5. running everything every time
for large tables, use materialized='incremental' so dbt only processes new rows.
the staging-intermediate-mart pattern (industry standard)
most well-organized dbt projects follow a three-layer pattern.
staging models
one staging model per source table, in models/staging/. minimal transformation: rename columns to consistent conventions, cast types, basic filtering. naming: stg_<source>__<table>.sql.
example: stg_stripe__customers.sql, stg_stripe__charges.sql, stg_app__users.sql.
staging is your firewall against upstream schema changes. when a source column gets renamed, you update one staging model, and downstream models keep working.
intermediate models
joins and aggregations that are reused across multiple marts, in models/intermediate/. naming: int_<concept>.sql.
example: int_customer_orders.sql joining stg_customers with stg_orders, used by both dim_customers and fct_orders downstream.
mart models
the final analysis-ready tables, organized by business domain, in models/marts/<domain>/. naming: dim_* for dimensions, fct_* for facts.
example: marts/sales/dim_customers.sql, marts/sales/fct_orders.sql.
this layering keeps your project navigable as it grows past 20 to 30 models.
materialization strategies
dbt supports four main materializations:
| materialization | how it builds | best for |
|---|---|---|
| view | recomputed on every query | small tables, fast iteration |
| table | rebuilt fully on each dbt run | medium tables, frequent reads |
| incremental | only new/changed rows on each run | large tables, append-only data |
| ephemeral | inlined into other models, not materialized | reusable logic, no need to query alone |
incremental models are the key to scaling dbt to large data. example:
{{ config(materialized='incremental', unique_key='order_id') }}
SELECT * FROM {{ ref('stg_orders') }}
{% if is_incremental() %}
WHERE order_date > (SELECT MAX(order_date) FROM {{ this }})
{% endif %}
the is_incremental() block runs only on subsequent runs, processing only the newer rows.
tests beyond the built-in four
dbt’s built-in tests (unique, not_null, accepted_values, relationships) cover most cases. for the rest, write custom tests.
singular tests
a SQL file in tests/ that returns rows when something is wrong. example: tests/no_negative_revenue.sql:
SELECT * FROM {{ ref('fct_orders') }} WHERE revenue < 0
if any rows return, the test fails.
generic tests (parameterized)
write reusable tests as macros in tests/generic/. example: a test that ensures a column is always a positive number.
dbt_utils tests
the dbt_utils package provides additional tests like equal_rowcount, at_least_one, expression_is_true. install via packages.yml.

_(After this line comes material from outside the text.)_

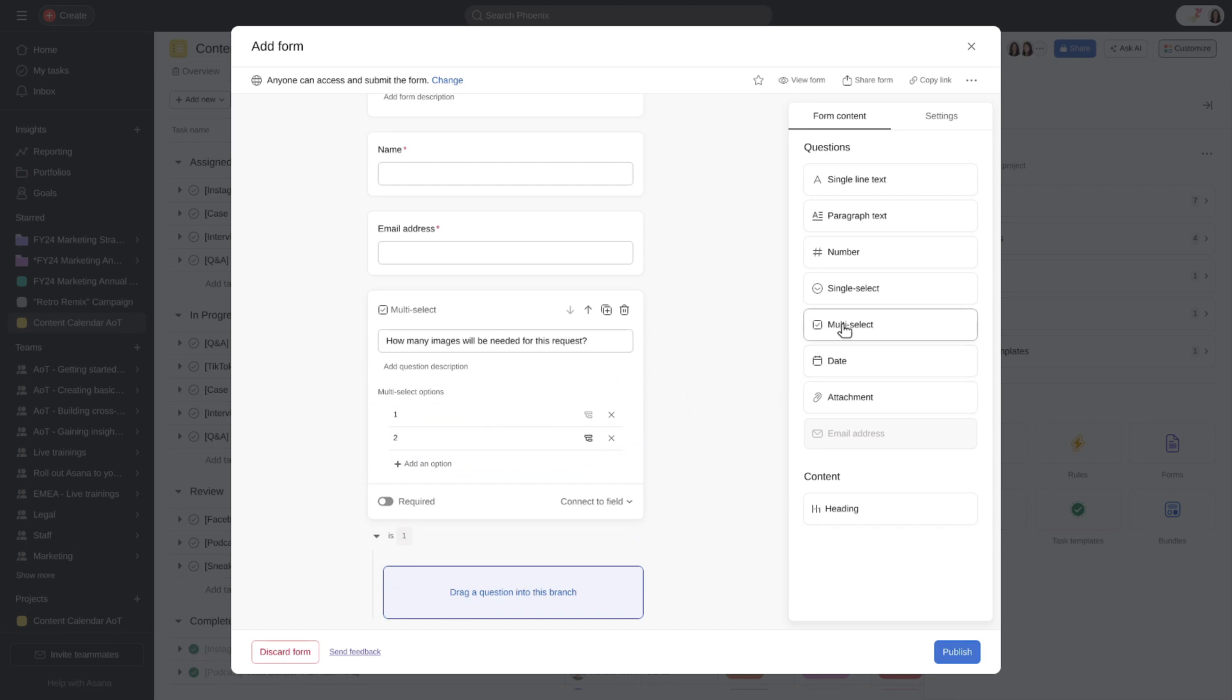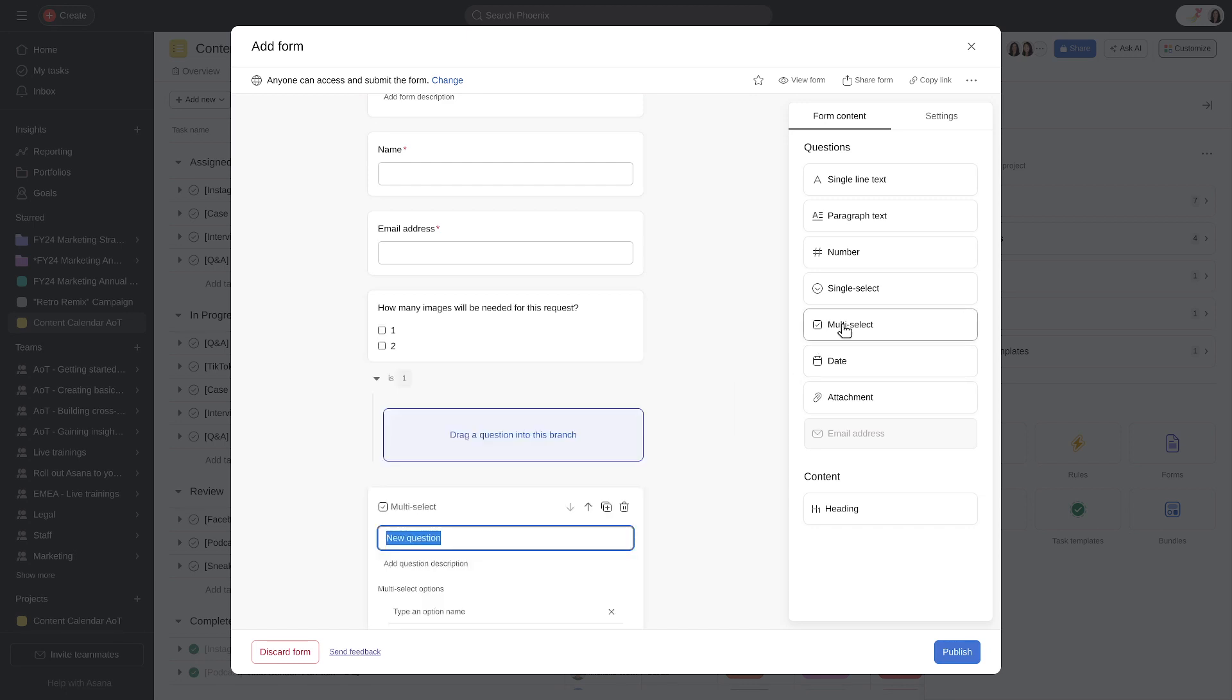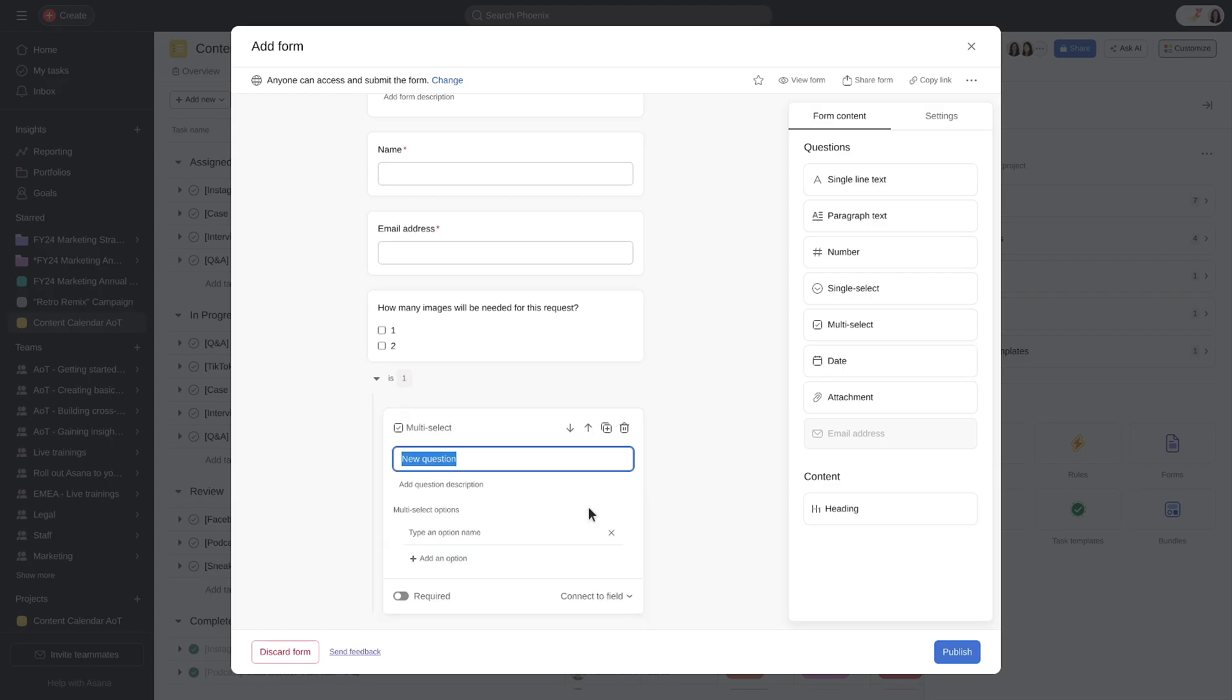Next, select the type of question you want to associate with a response. Either drag or click to add this question to your form to create a branch.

connecting dbt to your wider stack
dbt is the transformation layer. before and after:
- before dbt (loading data into warehouse): Fivetran, Stitch, Airbyte
- after dbt (visualization): Looker Studio complete tutorial 2026, tableau prep builder tutorial
- alternative for non-SQL users: Power Query in Excel tutorial 2026
- the warehouse layer underneath dbt: Supabase for data analysis 2026, PostgreSQL for analysts
- broader analytics stack context: best AI tools for data analysis 2026, best free data analysis tools 2026
a typical small-team modern stack: source apps → Fivetran → Snowflake/BigQuery → dbt → Looker Studio. dbt sits in the middle, turning raw into analysis-ready.
conclusion
dbt is the tool that takes analysts from “writing one-off SQL” to “maintaining real data models”. the leap is intellectual more than technical: you stop thinking about queries and start thinking about a graph of related, tested, documented transformations.
the 11 steps above are the path to your first working dbt project. the SQL is familiar. the dbt-specific concepts (ref, source, materialization, tests) are small and learnable in a couple of hours. the docs site and lineage graph become genuinely useful by week two.
start with a small project. take the most-used set of saved queries you have and rebuild them as 3 to 5 dbt models. add tests on the primary keys. write descriptions. run dbt docs generate. share the docs link with someone. that single exercise will make you understand why teams that adopt dbt almost never go back to scattered SQL files.
if you write SQL daily and your queries have outgrown a single file, dbt is the next tool to learn in 2026. set up dbt Cloud free this week and build your first project. the analytical clarity gain is real and immediate.